OLL is not required to be sub 20. You can easily get sub 20 with 2 look oll and PLL. I avg 16-17 sec and I still use 2 look oll  Make sure your F2L is fast. Like 8 sec


----------



## sneaklyfox (Apr 5, 2014)

Current Average: 16 sec
4LLL: never bothered with 2-look PLL
Full PLL: 1 min
Full OLL: 30 sec


----------



## tx789 (Apr 5, 2014)

current average 18
4LLL 54-1:04 (I improved 10 second in a week. That was the week before my first comp. I learned 2 look OLL then)
PLL 33ish
OLL I don't know the awkward shapes(I kind of do know two). So I know only 55/57 OLLs


----------



## GG (Apr 6, 2014)

CriticalCubing said:


> OLL is not required to be sub 20. You can easily get sub 20 with 2 look oll and PLL. I avg 16-17 sec and I still use 2 look oll  Make sure your F2L is fast. Like 8 sec



I know it's not required but I really enjoy learning the algorithms, 
And I'm quite fast at f2l anyway, 
I think 2look oll is holding me back....


----------



## cuboy63 (Apr 6, 2014)

GG said:


> I know it's not required but I really enjoy learning the algorithms,
> *And I'm quite fast at f2l anyway*,
> I think 2look oll is holding me back....
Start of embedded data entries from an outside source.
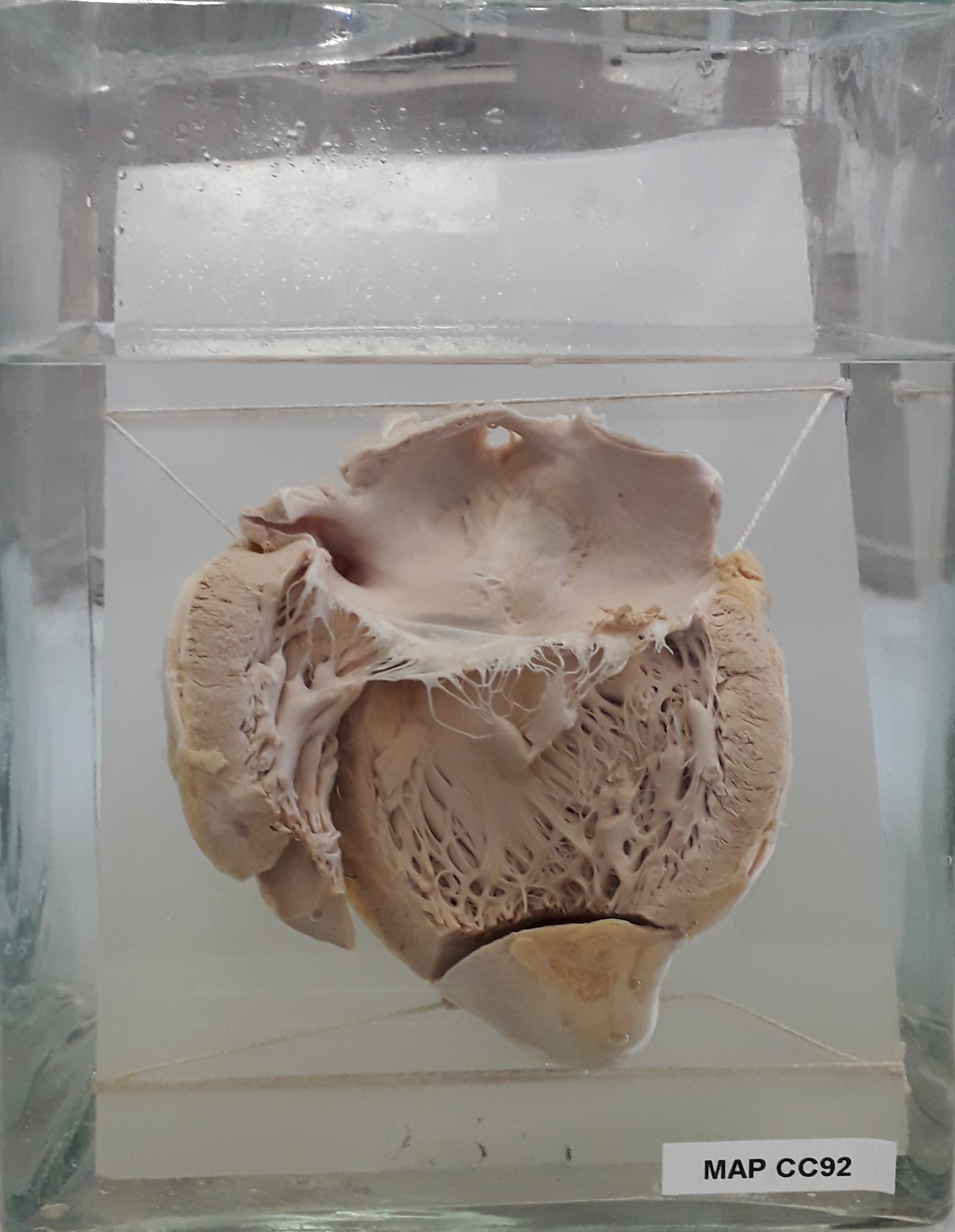 preparato anatomico, apparato cardiocircolatorio (morfologia naturale) (SECOLI/ XX)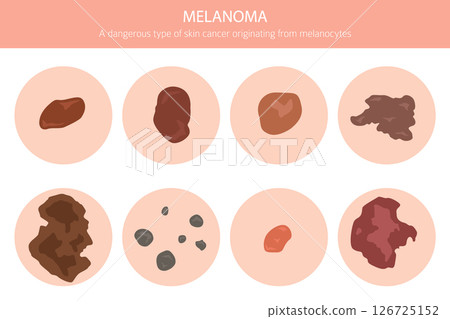 Melanoma. Skin diseases. Medical infographic design 126725152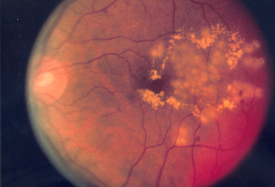 image tagged with diabetic retinopathy, focal laser surgery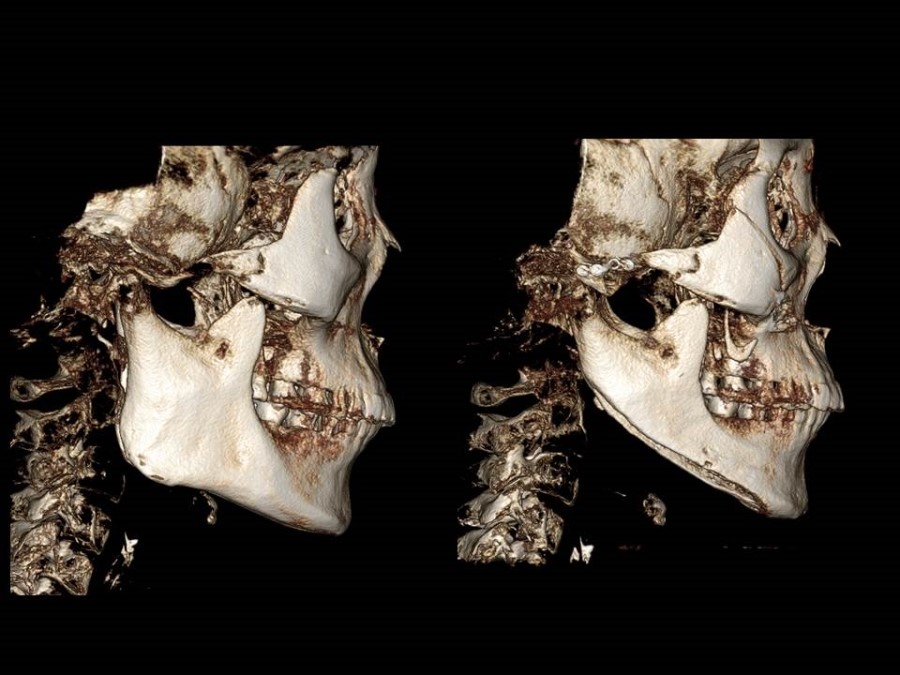 Zygoma Reduction Surgery Through Complete Osteotomy of the Body and Arch image 7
If you average around 20, you''re F2L is definitely not fast enough. There is still a lot of room for improvement. Never stop focusing on improving your F2L.


----------



## ChickenWrap (Apr 6, 2014)

Current Average: 20 sec
4LLL: 35 seconds
Full PLL: Started at 22, but still learning (15/21).
Full OLL: Barely know 2-look OLL


----------



## brian724080 (Apr 6, 2014)

CriticalCubing said:


> OLL is not required to be sub 20. You can easily get sub 20 with 2 look oll and PLL. I avg 16-17 sec and I still use 2 look oll  Make sure your F2L is fast. Like 8 sec



Wow, I guess my LL is pretty fast (back when I used CFOP), because I can pull a 13 second F2L and end up with an 18 second solve.



GG said:


> I know it's not required but I really enjoy learning the algorithms,
> *And I'm quite fast at f2l anyway, *
> I think 2look oll is holding me back....



Lolwut -- you should practice lookahead by tracking multiple pairs at the same time.


----------



## kcl (Apr 6, 2014)

GG said:


> I know it's not required but I really enjoy learning the algorithms,
> And I'm quite fast at f2l anyway,
> I think 2look oll is holding me back....



Yeah no. I got sub 14 with 2 look OLL. If your F2l isn't sub 6, keep working on it.


----------



## Cubeologist (Apr 6, 2014)

Current average ~ 27 seconds
4LLL at 1 minute
Full PLL at 30 seconds. (Just recently)
I know 2LOLL and a few of the easy cases.


----------



## GuRoux (Apr 6, 2014)

current CFOP average = 22
4LLL at 35
Full PLL at 25


----------



## kcl (Apr 6, 2014)

Current Average: barely sub 10
4LLL: 40?
Full PLL: 21ish
Full OLL: 12ish


----------



## IRNjuggle28 (Apr 6, 2014)

Current average: ~22
4LLL, PLL, OLL, and everything: not yet.

I use sort of a beginners method/ 4LLL hybrid that's probably about as fast as 4LLL. I'm getting close to done learning PLLs. I'm partway through learning my last 2 G perms. Then I'll just have R and N left. I never bothered to actually switch to 4 look because using 2 step permutation wouldn't be faster than what I'm doing, which is EO, EP, CO, and CP. 

I don't even know full 2 look OLL. I mean, I do, but some of them are just beginners method algs. They're slow, and I need to learn better ones once I finish PLL. 

My last layer is really, really holding me back. I'm not fast, but I average 13 or 14 for F2L. LL is barely sub 10. If I used 3 look last layer (2 look OLL, full PLL) I'd easily be sub 20.


----------



## GG (Apr 6, 2014)

cuboy63 said:


> If you average around 20, you''re F2L is definitely not fast enough. There is still a lot of room for improvement. Never stop focusing on improving your F2L.


Thanks for the advice Bill!
(p.s. break the owr soon please!! )


----------



## Sky Cuber (Apr 6, 2014)

Current avg. 38.91
4lll. 53.97 avg. 
Oll na
Pll learning. Actually want to learn. No time.


----------



## aiolos (Apr 7, 2014)

Current Average: 22
4LLL: 35
Full PLL: 22
Full OLL: still learning silly goose


----------



## Bindedsa (Apr 7, 2014)

aiolos said:


> Current Average: 22
> 4LLL: 35
> Full PLL: 22
> Full OLL: still learning silly goose



He asked when you started


----------